The Ukraine whistleblower scandal, in which President Donald Trump apparently pressured foreign leaders to investigate former Vice President Joe Biden and his administration tried to stop an intelligence community whistleblower from transmitting a complaint about it to Congress, is likely to have a great many political consequences.
But, warned Georgetown law professor Marty Lederman in The Atlantic, one of the main things it could do is “rewrite the proper standards of the presidency” and normalize the abuse of executive power to attack political opponents.
“Whether a majority of the House of Representatives votes to impeach Trump for that conduct isn’t the only critical question facing Congress,” wrote Lederman. “Another is whether all or virtually all members of both the House and the Senate—including those who would choose not to vote to impeach or convict him—are prepared, individually and collectively, to condemn the president’s actions unequivocally.”
“If a substantial group of members of Congress signals not merely that the president’s conduct does not warrant impeachment and removal but also that it does not even warrant branding as intolerable, such conduct it will become normalized — at a great cost to previously unquestioned first principles of constitutional governance — even if the House impeaches Trump,” warned Lederman.
The presidency, Lederman argued, is a vast and powerful office with countless tools that could be exploited for ill political gain in ways that aren’t obviously illegal — but should be impeachable. “To use scholar Charles Black’s canonical test for whether impeachment is warranted, Trump engaged in (1) extremely serious conduct that (2) corrupts or subverts the political and governmental process and ‘tend[s] seriously to undermine and corrupt the political order’ and (3) is ‘plainly wrong in [itself] to a person of honor, or to a good citizen, regardless of words on the statute books,'” wrote Lederman.

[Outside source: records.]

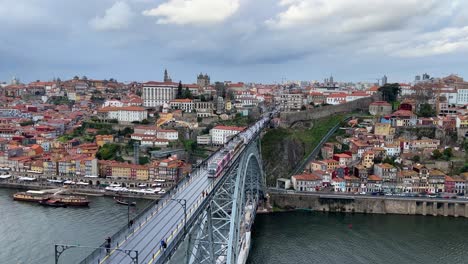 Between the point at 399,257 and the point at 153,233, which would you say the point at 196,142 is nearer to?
the point at 399,257

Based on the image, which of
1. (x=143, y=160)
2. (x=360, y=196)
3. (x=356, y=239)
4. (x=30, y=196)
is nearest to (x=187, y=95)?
(x=143, y=160)

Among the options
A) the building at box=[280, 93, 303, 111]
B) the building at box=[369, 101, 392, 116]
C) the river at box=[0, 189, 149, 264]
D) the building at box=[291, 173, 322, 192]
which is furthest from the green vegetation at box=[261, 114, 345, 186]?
the building at box=[280, 93, 303, 111]

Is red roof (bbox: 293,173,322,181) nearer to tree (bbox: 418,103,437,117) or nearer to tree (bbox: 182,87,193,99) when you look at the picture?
tree (bbox: 418,103,437,117)

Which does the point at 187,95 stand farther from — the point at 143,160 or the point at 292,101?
the point at 143,160

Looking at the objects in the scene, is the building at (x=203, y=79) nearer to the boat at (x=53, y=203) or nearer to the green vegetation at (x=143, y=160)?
the green vegetation at (x=143, y=160)

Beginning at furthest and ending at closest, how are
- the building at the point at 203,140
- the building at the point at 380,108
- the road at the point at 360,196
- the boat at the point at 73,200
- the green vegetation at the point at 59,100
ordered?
the green vegetation at the point at 59,100 < the building at the point at 380,108 < the building at the point at 203,140 < the boat at the point at 73,200 < the road at the point at 360,196

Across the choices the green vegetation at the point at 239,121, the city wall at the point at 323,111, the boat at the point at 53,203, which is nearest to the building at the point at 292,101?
the green vegetation at the point at 239,121

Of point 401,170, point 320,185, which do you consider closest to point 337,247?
point 320,185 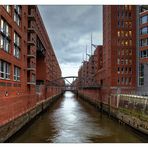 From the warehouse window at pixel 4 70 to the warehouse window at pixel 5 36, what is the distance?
1.38 meters

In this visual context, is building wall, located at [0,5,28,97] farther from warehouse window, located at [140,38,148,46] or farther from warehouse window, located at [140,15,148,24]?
warehouse window, located at [140,15,148,24]

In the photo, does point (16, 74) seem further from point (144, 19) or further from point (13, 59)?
point (144, 19)

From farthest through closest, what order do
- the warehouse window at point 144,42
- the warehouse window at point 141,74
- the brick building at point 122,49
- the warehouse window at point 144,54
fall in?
the brick building at point 122,49 → the warehouse window at point 141,74 → the warehouse window at point 144,54 → the warehouse window at point 144,42

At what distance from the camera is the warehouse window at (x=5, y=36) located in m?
20.8

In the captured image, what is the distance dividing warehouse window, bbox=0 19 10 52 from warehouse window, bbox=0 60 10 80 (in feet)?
4.53

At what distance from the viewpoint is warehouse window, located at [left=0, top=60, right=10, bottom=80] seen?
21.1m

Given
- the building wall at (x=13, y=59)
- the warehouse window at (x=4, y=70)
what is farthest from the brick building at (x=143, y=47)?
the warehouse window at (x=4, y=70)

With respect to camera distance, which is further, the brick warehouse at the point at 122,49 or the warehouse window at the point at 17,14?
the brick warehouse at the point at 122,49

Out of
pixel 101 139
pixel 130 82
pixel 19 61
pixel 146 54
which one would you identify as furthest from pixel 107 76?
pixel 101 139

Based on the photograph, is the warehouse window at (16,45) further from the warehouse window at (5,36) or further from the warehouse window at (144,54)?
the warehouse window at (144,54)

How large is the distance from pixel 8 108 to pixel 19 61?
870cm

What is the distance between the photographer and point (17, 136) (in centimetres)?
2128

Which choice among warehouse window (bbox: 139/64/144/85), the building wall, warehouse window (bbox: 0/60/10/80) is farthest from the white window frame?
warehouse window (bbox: 139/64/144/85)

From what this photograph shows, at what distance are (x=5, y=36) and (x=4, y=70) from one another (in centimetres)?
→ 322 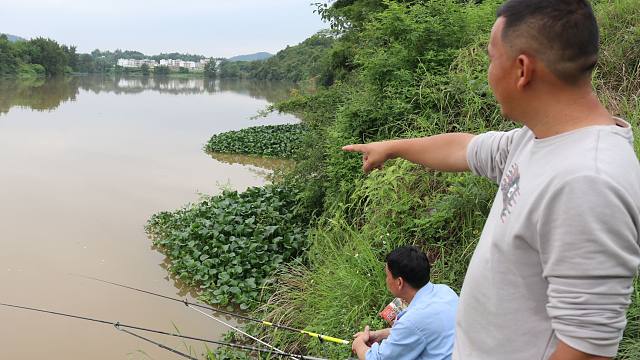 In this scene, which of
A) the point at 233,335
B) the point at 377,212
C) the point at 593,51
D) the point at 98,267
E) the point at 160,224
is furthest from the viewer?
the point at 160,224

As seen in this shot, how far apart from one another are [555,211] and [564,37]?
33 centimetres

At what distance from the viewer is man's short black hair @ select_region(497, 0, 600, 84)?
3.12 ft

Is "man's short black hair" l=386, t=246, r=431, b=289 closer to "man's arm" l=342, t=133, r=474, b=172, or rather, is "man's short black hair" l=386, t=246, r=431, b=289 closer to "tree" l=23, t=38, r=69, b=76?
"man's arm" l=342, t=133, r=474, b=172

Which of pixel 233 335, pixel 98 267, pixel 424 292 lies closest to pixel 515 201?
pixel 424 292

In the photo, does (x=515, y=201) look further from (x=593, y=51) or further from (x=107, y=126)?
(x=107, y=126)

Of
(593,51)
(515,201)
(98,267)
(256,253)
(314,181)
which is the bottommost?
(98,267)

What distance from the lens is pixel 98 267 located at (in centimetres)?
746

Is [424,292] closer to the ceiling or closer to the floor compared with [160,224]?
closer to the ceiling

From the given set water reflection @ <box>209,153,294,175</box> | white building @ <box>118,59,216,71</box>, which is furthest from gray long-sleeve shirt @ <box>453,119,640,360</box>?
white building @ <box>118,59,216,71</box>

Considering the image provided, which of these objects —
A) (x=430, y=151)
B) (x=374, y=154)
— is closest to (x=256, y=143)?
(x=374, y=154)

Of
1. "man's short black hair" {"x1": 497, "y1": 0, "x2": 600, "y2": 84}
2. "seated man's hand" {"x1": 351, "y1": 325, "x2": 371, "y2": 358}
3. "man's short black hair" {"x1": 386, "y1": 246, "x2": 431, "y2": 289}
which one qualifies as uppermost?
"man's short black hair" {"x1": 497, "y1": 0, "x2": 600, "y2": 84}

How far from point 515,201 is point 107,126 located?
24297mm

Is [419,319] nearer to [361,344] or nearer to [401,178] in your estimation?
[361,344]

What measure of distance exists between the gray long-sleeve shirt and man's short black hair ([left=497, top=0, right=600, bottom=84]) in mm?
127
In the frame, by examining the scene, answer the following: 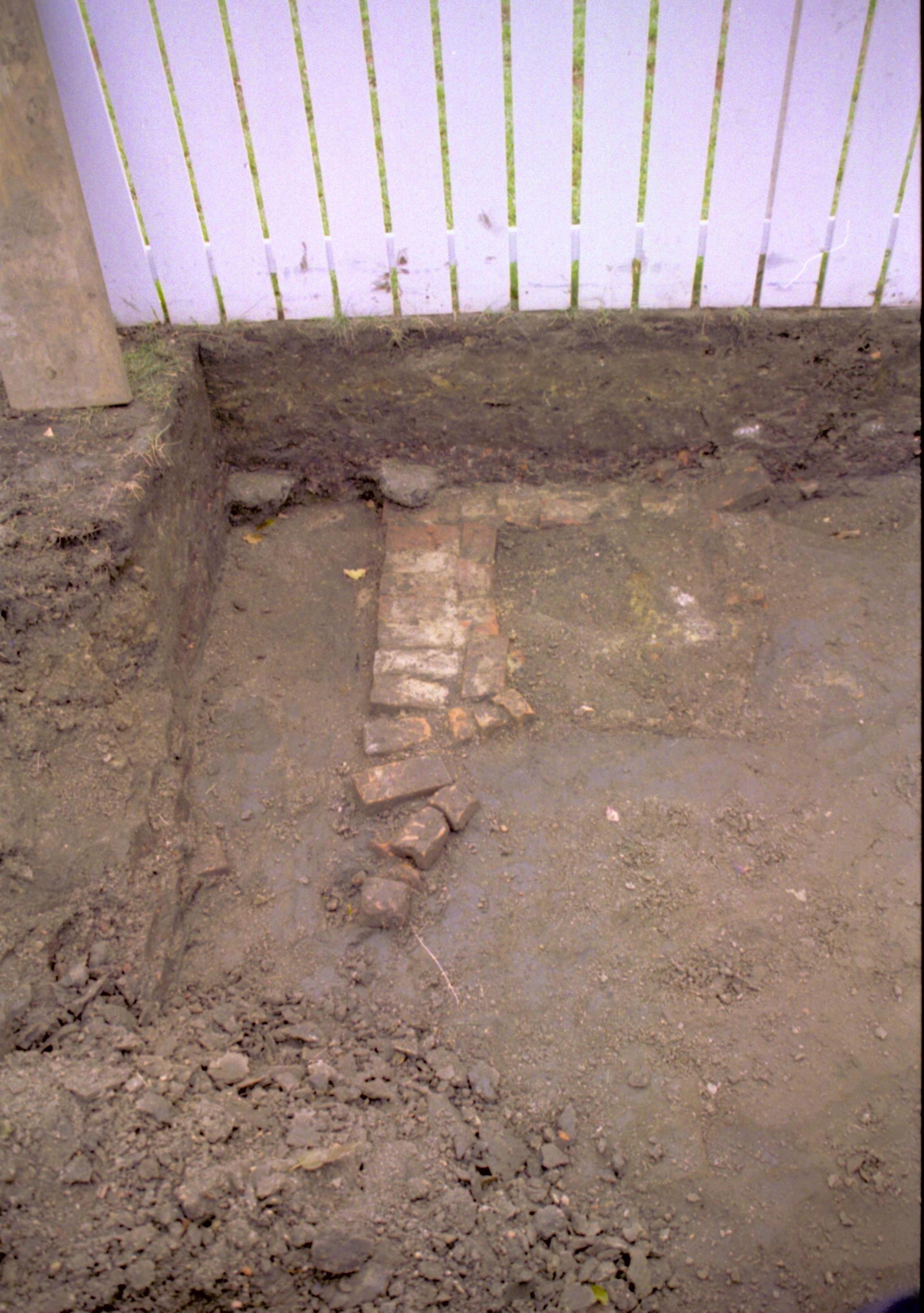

“Indeed, Black’s hypothetical case illuminating the operation of this test was eerily prescient,” continued Lederman. “‘Suppose,’ he wrote, that ‘a president were shown by convincing evidence to have used the federal tax system consistently and massively as a means of harassing and punishing his political opponents. As far as I know, this conduct is not criminal in the ordinary sense. But does such gross misuse of what is supposed to be a politically neutral arm of government not tend seriously to undermine and corrupt the political order? Is it not obviously wrong, to any man of ordinary honor? If these questions are answered ‘yes,’ then this offense, as lawyers might say, is eiusdem generis, of the same kind, with treason and bribery…. If it is not a crime under statute, then it is the kind of offense which ought to be held impeachable, though not criminal in the ordinary sense.'”
“Presidents have abused their power before and will do so again,” wrote Lederman. “But Trump’s public defense of his abuse of power here is a distinct problem quite different from the abuse itself, one that exacerbates the threat to our constitutional system. When vice pays no homage to virtue but is open and proud, it presents a special challenge to accepted morality. If one steals cash, hides it and denies the theft, the act poses an enforcement problem. But if one steals cash and then, once caught red-handed, publicly defends the act as legitimate, that defense poses a challenge to the norm itself. That is in effect what Trump is doing when he declares that his conversation with Zelensky was “pitch perfect” and when his appointees act as though nothing untoward has occurred.”
“It’s now up to all members of Congress — whether or not they vote to impeach or remove Trump — to prevent this effort to rewrite the proper standards of the presidency,” concluded Lederman.